Romance is more than flowers and delicate champagne, it's the expression of total self-giving in every way: physically, intellectually, and emotionally at every moment.  It is ever striving to put the other first for their own sake, with no expectation of return, though met with exuberant bliss and gratefulness at its occurrence.  Romance in my mind exists as a way for me to give myself unceasingly to her whom God has given to me.  It's obvious that this notion of gift is spread deeply in the perception of love played out here... and rightly so.  Not only did Pope John Paul II express love as a gift of self, but in my own experience it remains ever clear that the only way to make love grow is to put the other first.  Her wants and her needs must be those ever present on my mind-- if they aren't then I must find a way to put her first.  She comes to me from God as not only a goddess and an angel, but as God's presence in my life: a theophany if you will.  Our love is then an encounter with God, and how can such an encounter be sullied by my selfishness?  She, as God, must come first in my life.  It is the essential gift of self that makes it possible for romance to grow and become the full love that is expressed in body and soul.
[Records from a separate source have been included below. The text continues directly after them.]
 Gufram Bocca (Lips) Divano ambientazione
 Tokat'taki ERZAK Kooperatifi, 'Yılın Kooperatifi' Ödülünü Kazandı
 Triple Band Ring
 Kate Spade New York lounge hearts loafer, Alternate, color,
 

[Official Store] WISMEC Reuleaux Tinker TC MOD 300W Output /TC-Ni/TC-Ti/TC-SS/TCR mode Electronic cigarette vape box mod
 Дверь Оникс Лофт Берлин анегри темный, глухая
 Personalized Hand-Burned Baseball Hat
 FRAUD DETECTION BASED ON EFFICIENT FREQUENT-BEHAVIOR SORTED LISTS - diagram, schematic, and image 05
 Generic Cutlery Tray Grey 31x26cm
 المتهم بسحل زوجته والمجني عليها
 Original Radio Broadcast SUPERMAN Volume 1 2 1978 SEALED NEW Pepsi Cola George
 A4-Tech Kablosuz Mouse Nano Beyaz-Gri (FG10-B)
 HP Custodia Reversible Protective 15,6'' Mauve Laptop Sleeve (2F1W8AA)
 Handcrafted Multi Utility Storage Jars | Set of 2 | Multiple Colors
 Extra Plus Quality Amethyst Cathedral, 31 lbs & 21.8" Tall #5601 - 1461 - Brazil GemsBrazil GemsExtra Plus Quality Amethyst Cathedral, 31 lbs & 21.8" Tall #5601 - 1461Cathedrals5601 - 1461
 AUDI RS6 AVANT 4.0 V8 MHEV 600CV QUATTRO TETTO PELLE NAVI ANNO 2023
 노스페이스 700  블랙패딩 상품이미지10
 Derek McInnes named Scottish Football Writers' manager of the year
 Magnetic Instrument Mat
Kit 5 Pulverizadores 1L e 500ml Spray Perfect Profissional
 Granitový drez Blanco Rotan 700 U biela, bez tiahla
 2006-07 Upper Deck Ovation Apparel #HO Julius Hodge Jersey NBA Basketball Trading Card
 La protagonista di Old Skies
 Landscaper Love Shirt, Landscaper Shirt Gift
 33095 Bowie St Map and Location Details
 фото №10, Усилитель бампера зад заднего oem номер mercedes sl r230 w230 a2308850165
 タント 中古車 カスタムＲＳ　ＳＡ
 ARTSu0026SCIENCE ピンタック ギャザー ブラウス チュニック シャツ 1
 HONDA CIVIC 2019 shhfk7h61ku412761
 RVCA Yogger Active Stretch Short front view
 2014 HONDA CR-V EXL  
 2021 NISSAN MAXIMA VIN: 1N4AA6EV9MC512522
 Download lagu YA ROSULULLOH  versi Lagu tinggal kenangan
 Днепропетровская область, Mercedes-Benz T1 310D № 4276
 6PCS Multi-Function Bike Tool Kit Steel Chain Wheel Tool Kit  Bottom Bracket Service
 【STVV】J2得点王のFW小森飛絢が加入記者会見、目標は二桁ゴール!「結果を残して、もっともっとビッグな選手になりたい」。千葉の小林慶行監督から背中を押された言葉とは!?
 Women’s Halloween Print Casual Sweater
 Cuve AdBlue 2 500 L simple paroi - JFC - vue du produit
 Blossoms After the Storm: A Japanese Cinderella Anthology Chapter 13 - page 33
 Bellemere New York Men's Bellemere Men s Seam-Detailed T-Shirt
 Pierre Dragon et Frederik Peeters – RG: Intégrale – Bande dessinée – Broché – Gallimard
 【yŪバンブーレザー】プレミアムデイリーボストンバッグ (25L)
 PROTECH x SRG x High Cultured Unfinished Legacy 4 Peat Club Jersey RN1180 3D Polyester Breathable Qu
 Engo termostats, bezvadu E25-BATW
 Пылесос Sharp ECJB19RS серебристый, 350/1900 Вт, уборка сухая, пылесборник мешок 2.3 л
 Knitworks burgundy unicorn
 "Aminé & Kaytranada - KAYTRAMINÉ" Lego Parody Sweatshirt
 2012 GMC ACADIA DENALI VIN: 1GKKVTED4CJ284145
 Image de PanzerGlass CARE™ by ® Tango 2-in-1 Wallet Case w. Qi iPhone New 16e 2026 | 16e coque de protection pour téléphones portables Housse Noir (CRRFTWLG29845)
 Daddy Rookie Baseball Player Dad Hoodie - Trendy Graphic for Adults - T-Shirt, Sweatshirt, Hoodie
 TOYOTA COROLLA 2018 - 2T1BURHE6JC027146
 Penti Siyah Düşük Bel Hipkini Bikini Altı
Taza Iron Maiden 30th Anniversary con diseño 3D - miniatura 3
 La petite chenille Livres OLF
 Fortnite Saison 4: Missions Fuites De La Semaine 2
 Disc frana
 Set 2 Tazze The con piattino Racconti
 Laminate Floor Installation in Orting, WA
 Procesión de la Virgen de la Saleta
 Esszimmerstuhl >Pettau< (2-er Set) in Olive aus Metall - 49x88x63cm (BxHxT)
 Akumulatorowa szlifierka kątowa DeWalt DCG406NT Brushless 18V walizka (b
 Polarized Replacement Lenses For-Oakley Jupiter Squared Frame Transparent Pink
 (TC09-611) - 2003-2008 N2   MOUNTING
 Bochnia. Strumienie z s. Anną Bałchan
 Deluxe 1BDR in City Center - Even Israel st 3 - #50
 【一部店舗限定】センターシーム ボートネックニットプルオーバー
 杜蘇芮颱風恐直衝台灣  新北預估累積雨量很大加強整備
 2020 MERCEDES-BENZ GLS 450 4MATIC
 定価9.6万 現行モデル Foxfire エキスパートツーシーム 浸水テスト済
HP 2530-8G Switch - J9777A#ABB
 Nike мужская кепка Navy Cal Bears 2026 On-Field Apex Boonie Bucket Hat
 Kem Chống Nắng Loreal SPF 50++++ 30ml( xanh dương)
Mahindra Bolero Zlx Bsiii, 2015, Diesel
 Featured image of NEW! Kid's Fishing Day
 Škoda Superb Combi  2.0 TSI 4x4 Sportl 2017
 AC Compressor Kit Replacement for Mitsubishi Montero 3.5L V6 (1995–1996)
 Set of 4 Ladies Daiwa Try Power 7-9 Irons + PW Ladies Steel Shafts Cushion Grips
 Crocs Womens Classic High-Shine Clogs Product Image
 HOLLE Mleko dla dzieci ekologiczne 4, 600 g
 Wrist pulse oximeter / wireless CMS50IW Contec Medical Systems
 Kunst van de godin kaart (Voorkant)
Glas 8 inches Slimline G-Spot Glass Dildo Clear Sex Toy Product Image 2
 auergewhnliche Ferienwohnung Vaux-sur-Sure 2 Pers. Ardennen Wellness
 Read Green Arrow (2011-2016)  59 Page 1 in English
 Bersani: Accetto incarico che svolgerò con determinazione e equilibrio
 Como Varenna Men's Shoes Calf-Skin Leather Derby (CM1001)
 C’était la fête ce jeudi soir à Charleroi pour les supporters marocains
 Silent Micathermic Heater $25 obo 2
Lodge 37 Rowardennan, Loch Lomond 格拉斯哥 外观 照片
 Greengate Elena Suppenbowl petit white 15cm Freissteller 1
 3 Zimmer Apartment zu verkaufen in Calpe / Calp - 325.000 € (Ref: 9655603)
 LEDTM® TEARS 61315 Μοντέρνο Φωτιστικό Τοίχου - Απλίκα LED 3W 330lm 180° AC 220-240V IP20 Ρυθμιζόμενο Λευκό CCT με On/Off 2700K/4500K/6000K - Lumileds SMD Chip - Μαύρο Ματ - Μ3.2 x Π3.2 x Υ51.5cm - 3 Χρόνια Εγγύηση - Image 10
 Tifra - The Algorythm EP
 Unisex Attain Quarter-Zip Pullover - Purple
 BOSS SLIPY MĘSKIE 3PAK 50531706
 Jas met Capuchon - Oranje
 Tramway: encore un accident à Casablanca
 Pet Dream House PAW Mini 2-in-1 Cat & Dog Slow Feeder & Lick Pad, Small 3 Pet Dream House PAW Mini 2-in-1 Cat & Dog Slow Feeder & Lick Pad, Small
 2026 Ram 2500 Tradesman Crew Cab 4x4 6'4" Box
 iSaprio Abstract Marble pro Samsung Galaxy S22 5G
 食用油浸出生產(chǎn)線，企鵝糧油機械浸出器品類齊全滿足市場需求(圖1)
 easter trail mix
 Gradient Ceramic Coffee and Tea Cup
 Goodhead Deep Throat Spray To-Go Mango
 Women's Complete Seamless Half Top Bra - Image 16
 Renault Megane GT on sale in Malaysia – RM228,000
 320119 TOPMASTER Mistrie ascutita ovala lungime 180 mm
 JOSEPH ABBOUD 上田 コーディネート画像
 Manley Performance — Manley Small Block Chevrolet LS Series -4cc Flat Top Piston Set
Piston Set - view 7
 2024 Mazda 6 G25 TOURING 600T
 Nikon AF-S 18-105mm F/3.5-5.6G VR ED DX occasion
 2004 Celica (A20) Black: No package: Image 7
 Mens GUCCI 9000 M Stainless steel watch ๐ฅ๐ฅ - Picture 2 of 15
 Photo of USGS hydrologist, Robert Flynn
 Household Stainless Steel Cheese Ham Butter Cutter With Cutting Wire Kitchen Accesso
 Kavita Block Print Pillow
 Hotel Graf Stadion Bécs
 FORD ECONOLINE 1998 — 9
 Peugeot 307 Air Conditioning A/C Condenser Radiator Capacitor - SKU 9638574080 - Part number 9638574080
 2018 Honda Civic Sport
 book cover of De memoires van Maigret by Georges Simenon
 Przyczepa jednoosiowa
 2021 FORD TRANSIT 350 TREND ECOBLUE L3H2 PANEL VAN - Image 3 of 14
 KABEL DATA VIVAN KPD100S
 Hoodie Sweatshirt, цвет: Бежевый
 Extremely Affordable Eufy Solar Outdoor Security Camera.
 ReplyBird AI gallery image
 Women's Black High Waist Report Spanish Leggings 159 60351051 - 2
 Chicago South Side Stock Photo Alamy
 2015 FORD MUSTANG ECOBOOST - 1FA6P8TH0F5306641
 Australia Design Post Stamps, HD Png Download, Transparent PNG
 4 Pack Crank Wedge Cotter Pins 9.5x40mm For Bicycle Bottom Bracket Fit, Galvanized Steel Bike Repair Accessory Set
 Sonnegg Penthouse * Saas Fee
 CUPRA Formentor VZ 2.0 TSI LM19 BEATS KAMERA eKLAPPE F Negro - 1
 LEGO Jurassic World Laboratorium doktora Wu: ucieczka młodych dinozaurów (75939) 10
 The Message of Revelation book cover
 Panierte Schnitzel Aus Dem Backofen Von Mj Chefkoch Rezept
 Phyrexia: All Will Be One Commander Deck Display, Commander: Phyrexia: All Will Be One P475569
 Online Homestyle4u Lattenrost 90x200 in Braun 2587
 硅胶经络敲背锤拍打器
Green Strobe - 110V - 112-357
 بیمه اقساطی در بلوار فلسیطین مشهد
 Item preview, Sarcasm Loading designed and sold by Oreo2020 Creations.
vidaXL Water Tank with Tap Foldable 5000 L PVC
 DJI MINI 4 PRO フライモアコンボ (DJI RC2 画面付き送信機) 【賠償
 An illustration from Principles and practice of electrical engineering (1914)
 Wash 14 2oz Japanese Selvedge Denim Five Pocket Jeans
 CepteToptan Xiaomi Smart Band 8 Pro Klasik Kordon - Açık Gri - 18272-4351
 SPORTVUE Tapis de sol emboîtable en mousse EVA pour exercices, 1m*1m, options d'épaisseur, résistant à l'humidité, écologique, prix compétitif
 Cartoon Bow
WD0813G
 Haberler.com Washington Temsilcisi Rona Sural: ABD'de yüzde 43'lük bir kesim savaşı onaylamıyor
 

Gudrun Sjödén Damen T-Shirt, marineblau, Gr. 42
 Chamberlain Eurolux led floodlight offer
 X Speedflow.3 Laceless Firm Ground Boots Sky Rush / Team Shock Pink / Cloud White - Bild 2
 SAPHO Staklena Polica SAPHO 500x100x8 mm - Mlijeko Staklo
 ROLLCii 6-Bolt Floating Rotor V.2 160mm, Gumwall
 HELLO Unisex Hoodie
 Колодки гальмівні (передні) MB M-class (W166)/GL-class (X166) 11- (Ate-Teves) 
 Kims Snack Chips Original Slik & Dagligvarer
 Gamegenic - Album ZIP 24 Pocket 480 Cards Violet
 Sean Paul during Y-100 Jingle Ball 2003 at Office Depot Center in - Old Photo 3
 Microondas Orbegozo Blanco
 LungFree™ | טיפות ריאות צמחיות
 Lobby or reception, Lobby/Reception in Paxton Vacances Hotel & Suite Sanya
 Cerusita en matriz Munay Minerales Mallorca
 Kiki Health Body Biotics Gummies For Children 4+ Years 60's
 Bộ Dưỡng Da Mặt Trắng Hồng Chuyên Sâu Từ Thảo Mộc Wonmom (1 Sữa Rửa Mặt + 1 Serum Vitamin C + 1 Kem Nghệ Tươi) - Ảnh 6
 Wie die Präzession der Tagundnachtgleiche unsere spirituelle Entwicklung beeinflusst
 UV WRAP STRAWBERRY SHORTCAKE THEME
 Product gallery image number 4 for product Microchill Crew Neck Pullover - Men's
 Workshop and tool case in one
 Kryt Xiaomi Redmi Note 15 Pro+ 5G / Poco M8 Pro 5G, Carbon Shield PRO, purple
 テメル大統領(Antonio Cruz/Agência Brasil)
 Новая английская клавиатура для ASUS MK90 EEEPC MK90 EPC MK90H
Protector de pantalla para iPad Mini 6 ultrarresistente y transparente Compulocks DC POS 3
The picture at the beginning of this essay is a depiction of the wedding night of Tobias and Sarah.  I offer it as a window into how love ought to be in the life of married people who are deeply in love.  In the account from the book of Tobit, Tobias sets out to find his future wife, Sarah.  Sarah, however, has been married seven times before.  Each time, the husband was found the morning after the wedding, dead.  They had married Sarah out of lust, and so God allowed them to be taken by a demon before they could taint the body and soul of Sarah with their selfish passions.  Tobias, upon meeting Sarah and proposing marriage to her father, did not seek the marriage for the sake of his passions, but rather out of goodness and love.  As such, he made the first three nights of marriage ones dedicated to prayer in order to sanctify their love and wedding bed.  The morning after the wedding, all were surprised and shocked to see Tobias come out of the wedding chamber alive... God had kept him alive for his love for Sarah was pure and selfless.  It put Sarah and a love for her first.

In the painting above, by Dutch Golden Age painter Jan Steen, Tobias and Sarah pray at the foot of their wedding bed, but off to the right, the Archangel Raphael slays a dragon.  The dragon can either represent the demon Asmodeus who had killed Sarah's other husbands, but I think rather that it is the representation of lust.  St. Raphael conquers lust, preventing it from perverting the love that dwells between Tobias and Sarah, keeping it pure and selfless.  (On a side note... purity is not to be confused with prudery.  The two are actually opposites.  Purity rather, is selflessness and an understanding of the dignity of the human person.)

The painting helps us to visualize what ought to be the norm for love between man and wife... that it is constant giving of one to the other.  The gift of one's self is something that is for all eternity; it is exclusive, never to be given to another; it is fruitful-- it is as love itself is: diffusive and without selfishness. 

As we pass out of the week that is marked by the secular world's celebration of Valentine's Day, let us remember that it is actually St. Valentine's Day.  It should be an occasion for us to remember the depth of selflessness that is required to completely love someone.  I will, for my part, make it a time to not only send some chocolates and beautiful flowers, but also move to more truly love the one who is God's presence in my life.  It will also be the chance to be a better man for her who was given to me, that I might more perfectly give myself to her.